Не столь часто, как процессии и казни, появлялись то тут, то там странствующие проповедники, возбуждавшие народ своим красноречием. Мы, приученные иметь дело с газетами, едва ли можем представить ошеломляющее воздействие звучащего слова на неискушенные и невежественные умы того времени. Брат Ришар, тот, кто был приставлен в качестве исповедника к Жанне д'Арк, проповедовал в Париже в 1429 г. в течение десяти дней подряд. Он начинал в пять утра и заканчивал между десятью и одиннадцатью часами, большей частью на кладбище des Innocents [Невинноубиенных младенцев][8*], в галерее со знаменитыми изображениями Пляски смерти. За его спиной, над аркою входа, горы черепов громоздились в разверстых склепах. Когда, завершив свою десятую проповедь, он возвестил, что это последняя, ибо он не получил разрешения на дальнейшие, "les gens grans et petiz plouroient si piteusement et si fondement, commes s'ilz veissent porter en terre leurs meilleurs amis, et lui aussi" ["все, стар и млад, рыдали столь горько и жалостно, как если б видели они предание земле своих близких, и он сам вместе с ними"]. Когда же он окончательно покидал Париж, люди, в надежде, что он произнесет еще одну проповедь в Сен-Дени в воскресенье, двинулись туда, по словам Парижского горожанина, толпами еще в субботу под вечер, дабы захватить себе место -- а всего их было шесть тысяч, -- и пробыли там целую ночь под открытым небом[9].
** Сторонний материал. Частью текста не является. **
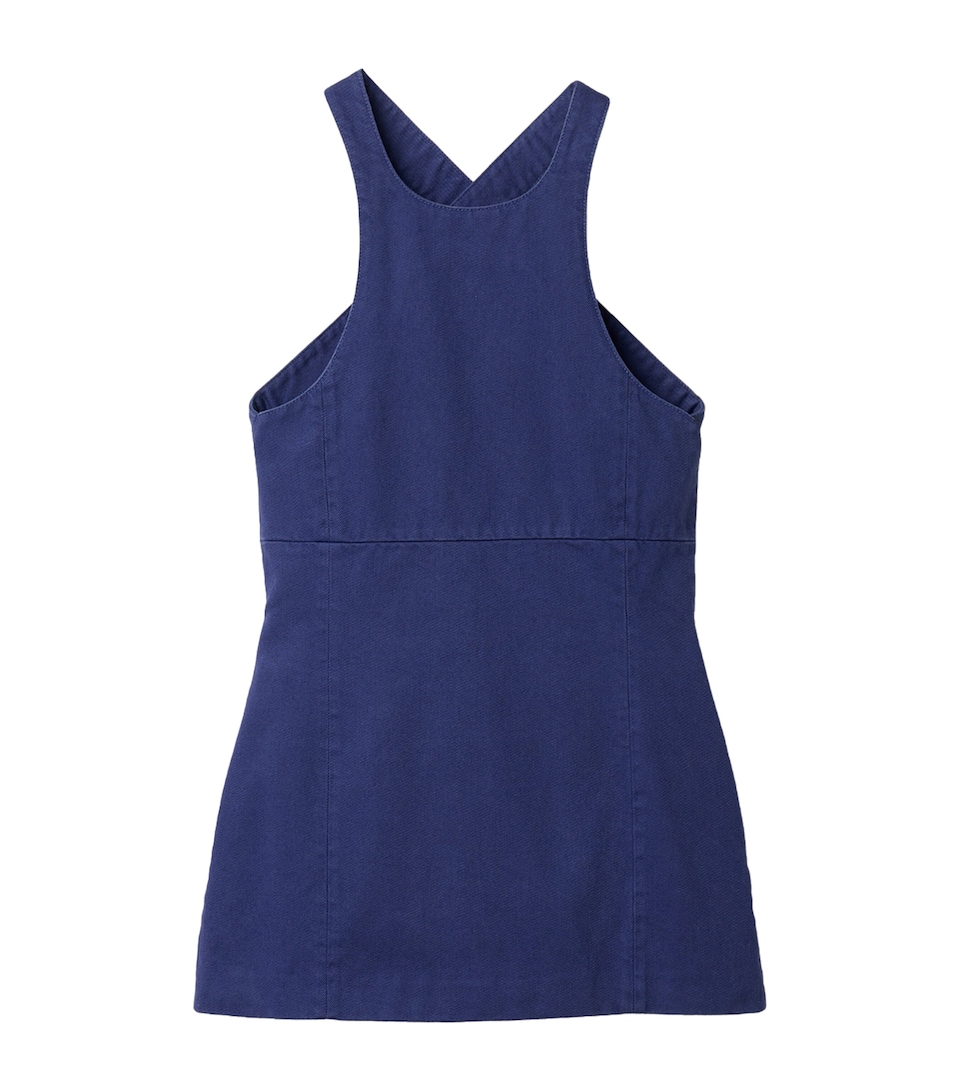 Garment-Dyed Gabardine Mini Dress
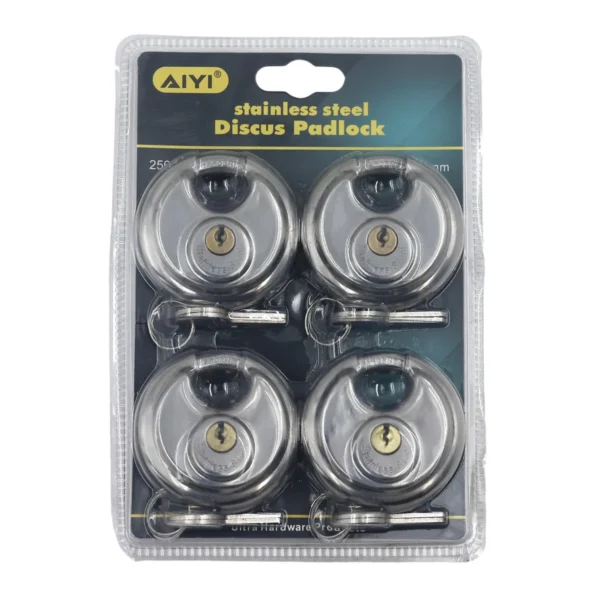 AIYI Disc padlock 4pcs 60mm AY076-401/AY075-401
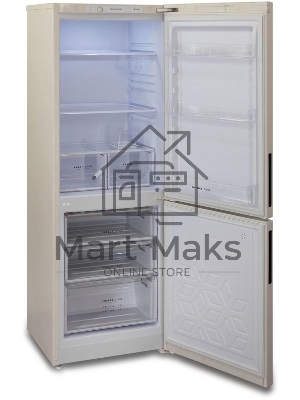 Холодильник Бирюса Б-G6027 бежевый двухкамерный 245/100л морозилка снизу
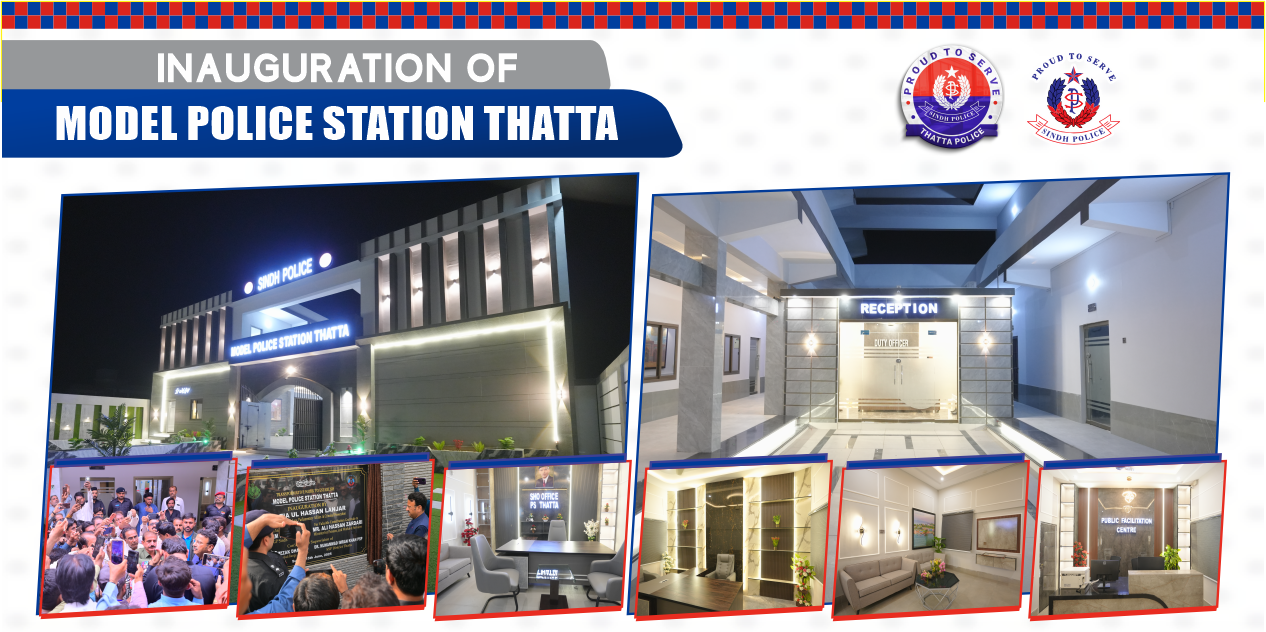 INAUGURATION OF MODEL POLICE STATION THATTA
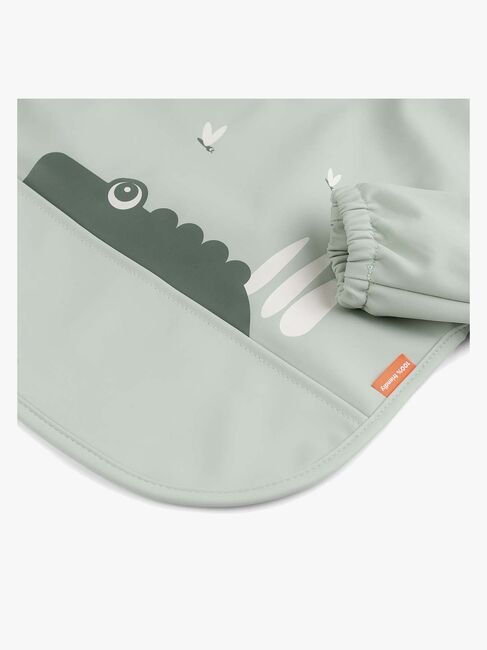 Done By Deer  Långärmad Haklapp med Ficka Croco, Green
Запрещено было проповедовать в Париже и францисканцу Антуану Фрадену из-за его резких выступлений против дурного правления. Но как раз поэтому его любили в народе. Денно и нощно охраняли его в монастыре кордельеров[9*]; женщины стояли на страже, будучи вооружены золой и каменьями. Над предостережением против такой охраны, возглашенным от имени короля, только смеялись: мол, где уж ему было узнать об этом! Когда же Фраден, следуя запрету, вынужден был наконец все же покинуть город, народ провожал его "crians et soupirans moult fort son departement"[10 ]["громко рыдая и вздыхая, ибо он оставлял их"].